What makes cross-domain mappings possible?

Evidence of cross-domain mappings goes beyond tasks requiring simply matching stimuli across domains, extending to tasks thought to tap into more automatic processes, with tell-tale signs of facilitation and impairments in accuracy and RTs. But why?

Spence (2011) discusses three mechanisms underlying cross-sensory mappings. Structural correspondence results from common neural coding across modalities. For example, loud sounds may map onto bright lights because both are coded through increases in neural firing rate. Statistical correspondence results from repeated co-occurrences (e.g., a mapping between small size and high pitch can arise from experiences associated with hearing objects fall: small objects ping; large objects thud). Linguistic correspondence arises from the use of the same words or phrases across domains, such as when “high” and “low” are used for both height and pitch. Importantly, these mechanisms are not mutually exclusive. For example, the cross-sensory mapping between pitch and elevation can be explained by both statistical correspondence and linguistic correspondence. More recent works introduced other explanations such as valence matching—where sensations are aligned based on the similarity of their emotional appeal or repulsion (Motoki et al., 2022; Saluja & Stevenson, 2018), emotion mediation—which aligns sensations based on shared emotion content (Palmer et al., 2013; Salgado Montejo et al., 2015; Schifferstein & Tanudjaja, 2004), and semantic mediation—which align sensations based on shared semantic meanings (Velasco et al., 2016; P. Walker, 2012, 2016)

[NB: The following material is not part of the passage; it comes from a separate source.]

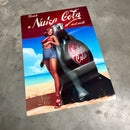 Bebida de Fallout Nuka Cola & Letrero de metal con sonrisa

Similarly, several mechanisms have been proposed to explain cross-conceptual mappings. Conceptual metaphor theory (Lakoff & Johnson, 1980a, 1980b) suggests that we understand abstract concepts via concrete experiences through embodied simulation. A theory of magnitude (ATOM; Walsh, 2003) suggests there is a domain-general magnitude system responsible for processing different quantities and enabling comprehension of ‘more’ or ‘less’ across various domains. The semantic mediation account (Dolscheid et al., 2013; Lakens, 2012; Liu & Lupyan, 2023) suggests that the similarities in the way things are represented in an abstract semantic space, lexicalized, or shaped by cultural-linguistic factors such as linguistic markedness, may systematically connect two conceptual domains. Again, these mechanisms are not mutually exclusive; the same phenomenon, such as mapping between space and time, could be explained by experiential correlations between space and time, the domain-general magnitude system, and the linguistic mechanism of using spatial terms to describe time.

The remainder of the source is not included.